#### EXERCISE INSTRUCTIONS:
In the listing below, find the line with "2020 Topps Gold" and the line with "Aeropostale Navy Short", then return them and every line between them exactly, minus the pictures.
DATA PROVIDED START
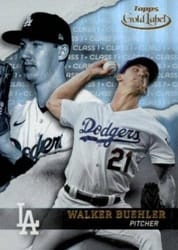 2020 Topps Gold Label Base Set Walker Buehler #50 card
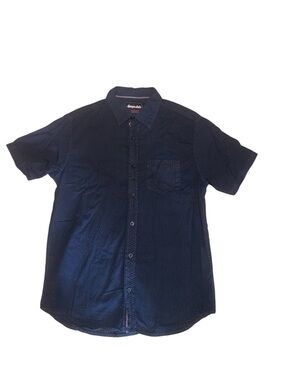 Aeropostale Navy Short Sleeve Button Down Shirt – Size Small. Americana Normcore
DATA PROVIDED END
DATA PROVIDED START
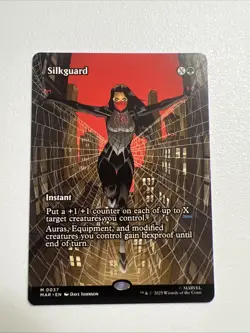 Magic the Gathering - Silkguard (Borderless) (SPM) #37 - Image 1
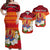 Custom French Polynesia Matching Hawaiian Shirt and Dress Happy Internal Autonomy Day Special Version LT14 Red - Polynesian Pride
DATA PROVIDED END
#### EXERCISE SOLUTION:
 2020 Topps Gold Label Base Set Walker Buehler #50 card
 Aeropostale Navy Short Sleeve Button Down Shirt – Size Small. Americana Normcore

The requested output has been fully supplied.